The boys, Patrick and Gregory, had been playing badminton when we arrived, and came over when the game was finished to say hello. They sat nearby, cross-legged and on the ground, natural as anything, their faces pink with exertion. This famous man is their father, I thought, looking between them and Ernest, who sprawled in a chair. But they had beautiful manners and didn’t seem spoiled in the least.
The house and grounds were well kept up, with banana and date trees and frangipani adding lushness to the large dollop of paradise. Ernest’s writing studio was a separate building that had been converted from a small garage, and was attached to the main house by a rope bridge. Nothing could have been more romantic or better situated. In fact, everything I turned my eyes to seemed perfectly designed to hand-deliver happiness, right down to his funny, pleasant wife, his boys, easy in their bodies. The shade as it fell. He had quite a life, I thought, but of course he would.
Before we left, Ernest went to fetch something and came back with a copy of my latest book for me to sign. I shot a look at Mother, wondering if she’d mentioned it while I was out of earshot. But no, Ernest quickly told me. He and Pauline had both read it a few months before, and thought it very fine. He’d known immediately who I was in the bar, in fact, but hadn’t wanted to embarrass me.
Embarrass was hardly the word. I was overwhelmed. Ernest Hemingway had read my work and liked it. Had recognized my name. Had thought well enough of the book to want my signature inside. Flushing, I thanked them both and then sat awkwardly with the volume in my lap, not knowing what to write that would adequately describe my feelings. The whole situation felt like a fantasy, surpassing my wildest imaginings.

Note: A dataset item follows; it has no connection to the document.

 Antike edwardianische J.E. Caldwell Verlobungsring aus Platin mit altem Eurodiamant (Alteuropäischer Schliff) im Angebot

Then, just when I thought I couldn’t be more flattered, Ernest offered to let me read pages of his new novel, which was about fishing and Bimini, and “rich people,” and getting ruined a little, he said.

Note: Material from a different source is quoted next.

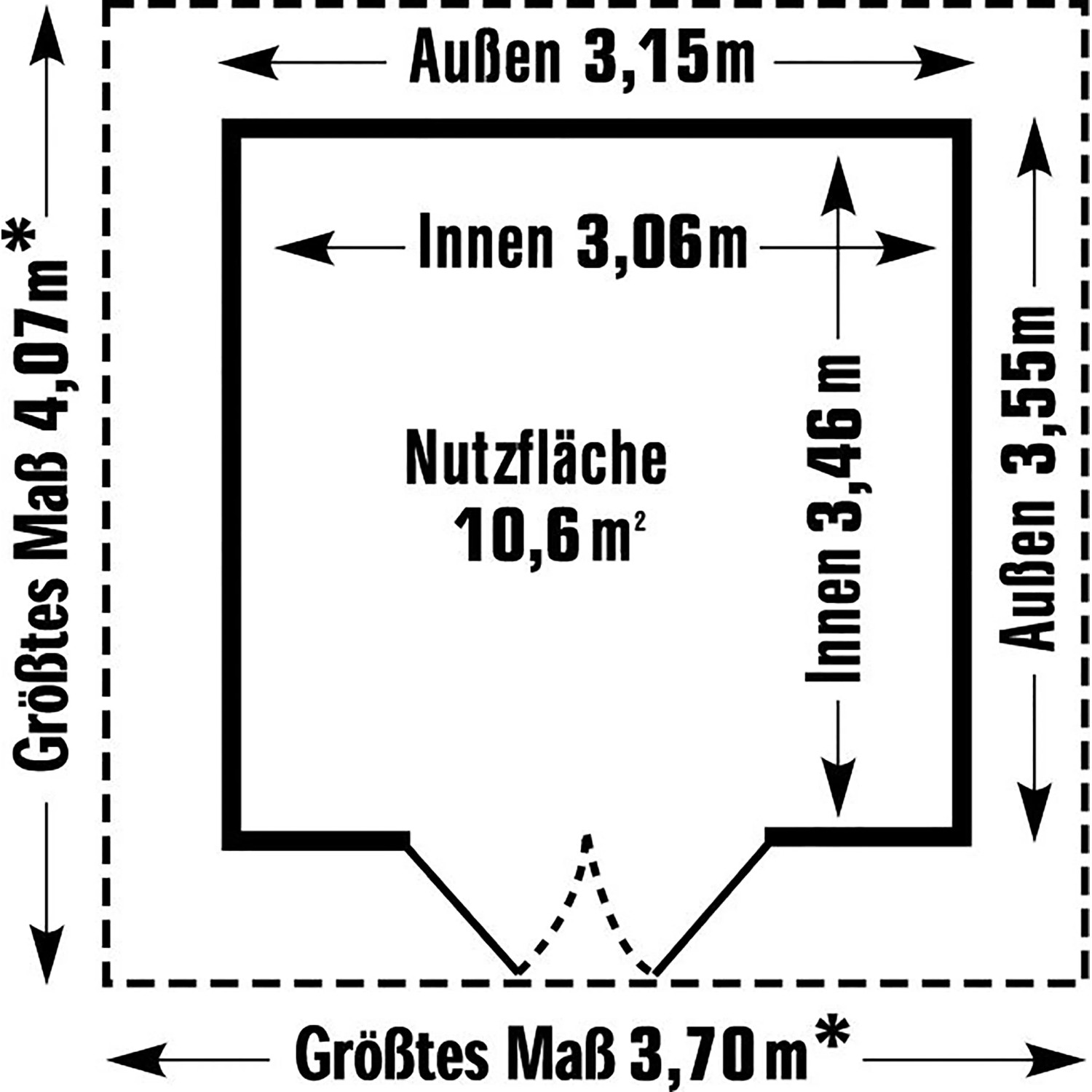 Grundriss des Grosfillex Gartenhauses Deco Domizil 11: Maße und Nutzfläche (10,6 m²).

I couldn’t quite believe he meant it, or that any such thing could happen outside of dreaming. But he went and got the pages and handed them to me, seeming shy, suddenly.
It was almost finished, he explained, but now he was going to have to set it aside for a while. He was headed to Madrid soon to report on the conflict for
the North American Newspaper Alliance.
“Oh, let’s not talk about it now,” Pauline said. Her eyes did something complicated and she smoothed the lap of her simple white dress.

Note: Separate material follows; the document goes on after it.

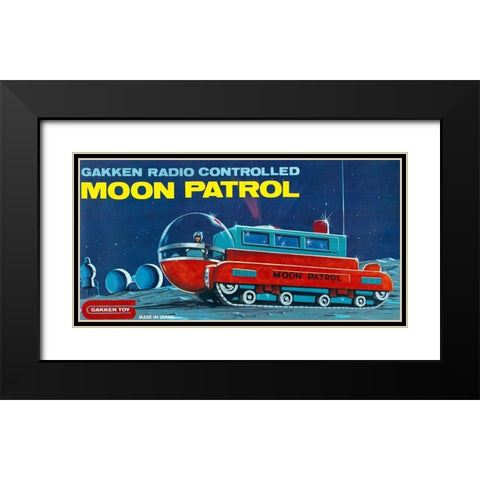 Moon Patrol Black Modern Wood Framed Art Print with Double Matting by Retrotrans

“Poor old Mama,” he said affectionately. “I wouldn’t go if I could help it. You know that.” He looked at her tenderly for a moment longer, and then turned back. “I try not to be political. Politics ruins writers. But Franco is a bully and a murderer, and the Fascists seem determined to wipe out the Spanish working class. I don’t know if there is a middle ground now. Not for anyone who’s paying attention.”
“It could be the war that never ends,” Mother said. “I know that sounds dramatic.”
“I only wish it were,” he said.
“Well, I’m glad you’re going,” I told Ernest. “It’s hard to leave your family, I know, but Spain needs writers like you.”
“Spain needs all sorts of writers. There promises to be plenty of bloodshed,” he added darkly.
“Do you think any journalist could get over?” I didn’t think before I asked the question, and now felt my mother’s gaze swinging around pointedly, and Alfred’s, too.
“Could be.”
“I’m not working for any magazine now.”
“You’re not really serious, Marty,” my mother said.
“I might be. I’ve wanted to do something.”
“It’s so dangerous, though.”
“I can promise to watch out for her,” Ernest said. “If she finds a way to get there.”